Gubernator Tokio: Francuzi nie potrafią liczyć
Nauczyciele języka francuskiego w
Japonii pozwali do sądu gubernatora japońskiej stolicy
Shintaro Ishiharę, domagając się od niego odszkodowania i
publicznych przeprosin za nazwanie francuskiego "upadłym językiem".
13.07.2005 10:15
21 powodów, z których wielu prowadzi szkoły językowe, uznało, że uwagi Ishihary były dla nich obraźliwe. Gubernator Tokio rezonował na temat języka Moliera w październiku zeszłego roku: Muszę powiedzieć, że nie jest niespodzianką, iż francuski jest zdyskwalifikowany jako język międzynarodowy, ponieważ w tym języku nie potrafią liczyć.
Te "wiekopomne" słowa padły przy okazji zabiegów o nowy uniwersytet w Tokio; Ishihara usiłował uzasadnić, że nie ma sensu angażować się w naukę francuskiego.
Każdy z powodów żąda pisemnych przeprosin i 500 tysięcy jenów (4,5 tys.

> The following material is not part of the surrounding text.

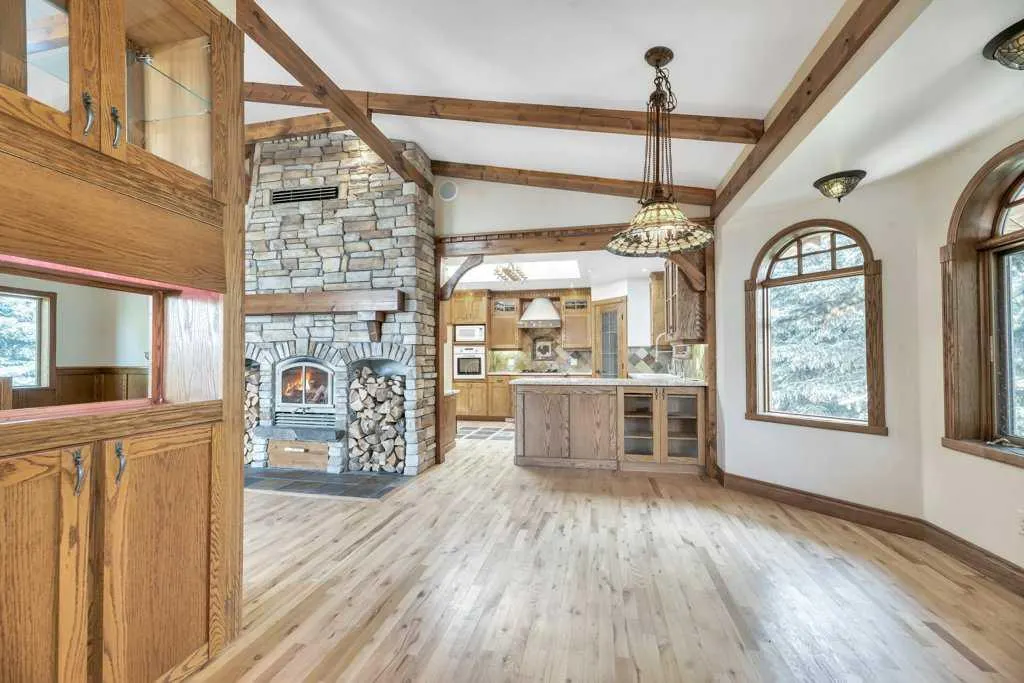 764 East Chestermere Drive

USD). Ishihara, znany od dawna z nacjonalistycznych poglądów, wielokrotnie wypowiadał się obraźliwie o Chinach, Chińczykach i Koreańczykach mieszkających w Japonii, o starszych paniach.

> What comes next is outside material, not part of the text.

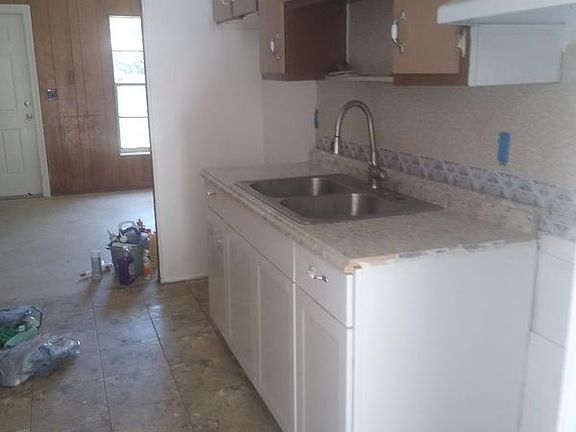 3rd image of 1406 34th Ave #14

Francuski ma niewątpliwie swą specyfikę, także w odniesieniu do liczb. Ale i po japońsku liczy się - zdaniem cudzoziemców - dość dziwnie, np. używając odmiennych słów do liczenia zwierząt, książek, czy czegoś, co jest długie i cienkie. Ale nauczycielom francuskiego nie przyszło do głowy nazywać japoński "upadłym językiem".